• Wrongful Death FAQ
  • What is the classification of the wrongful death case?

    A personal injury claim, in which the offender is held responsible for the loss of love and financial support that he or she has caused the family of the victim, is defined as a wrongful death case. Wrongful death is one that is the result of negligence, recklessness, intentional or wrongful act.  In a wrongful death claim the surviving relatives of the deceased may pursue a civil action seeking reparation for loss of future financial support, compensation for the loss of  love, advice and companionship that has been lost as a result of the death, as well as medical and funeral expenses, and other costs related to the fatality.

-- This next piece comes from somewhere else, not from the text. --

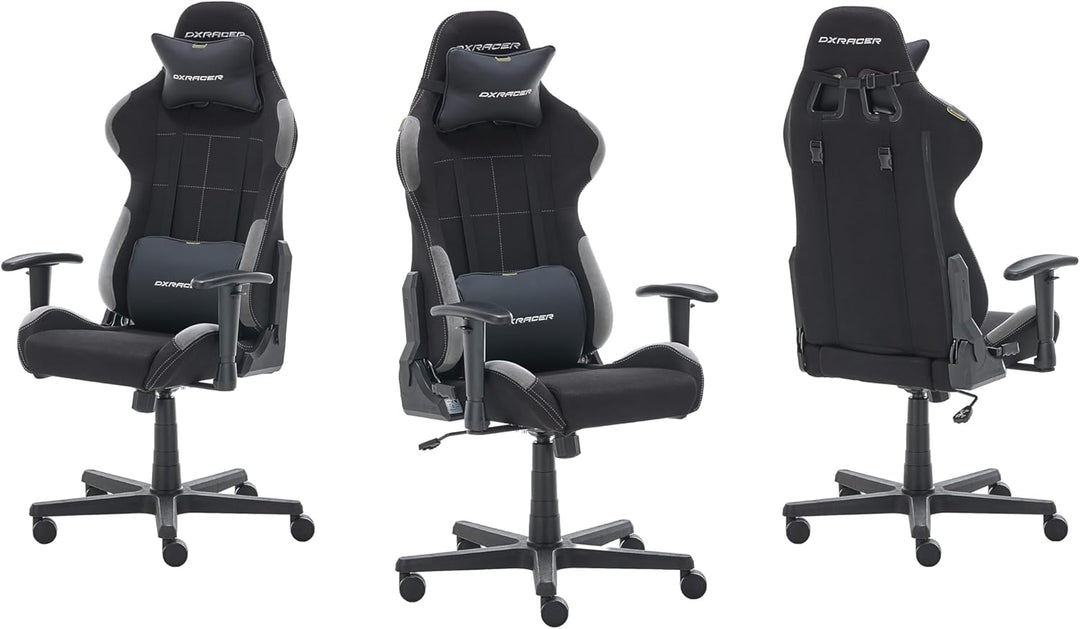 Robas Lund DX Racer 5.2 FD01 /NG -NEW- Gaming-/ Büro-/ Schreibtischstuhl, mit Wippfunktion Gaming St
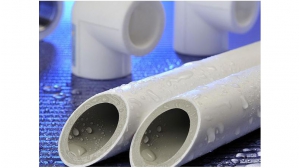 PPR-Steel-PPR Composite Pipes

  • What are the basics of the wrongful death lawsuit?

    A wrongful death claim may be filed if the person died as the result of the full or partial negligence or intentional behavior of the defendant. A surviving child, spouse, or a dependent is necessary who can make a claim to recover damages for the untimely loss of his or her loved one.

  • When do I have to file the wrongful death lawsuit?

    In every state there is a “statute of limitation,” which is a guideline for how long individuals have to file certain kinds of lawsuits. The timeline for filing a wrongful death claim typically begins following the death of the victim. The statute of limitation to file a wrongful death claim in South Carolina is 3 years from the date of the fatality, with some exceptions (such as death occurring as a result of negligence in a county or state supported medical facility, in which case the statute of limitations is 2 years) .  The claim may be denied if not filed within this time frame, so it is imperative to file your claim as soon as possible.

  • Who may file the wrongful death lawsuit?

    In the state of South Carolina, depending upon who survives the deceased victim, a family member of the victim has the legal right to file a wrongful death claim. The first in line would be a victim’s spouse, followed by any children, parents, grandchildren or siblings. In a few instances, other individuals may also have the legal right to file a claim. Children under the age of 18 may call for a “guardian ad item” in court to protect his or her interests.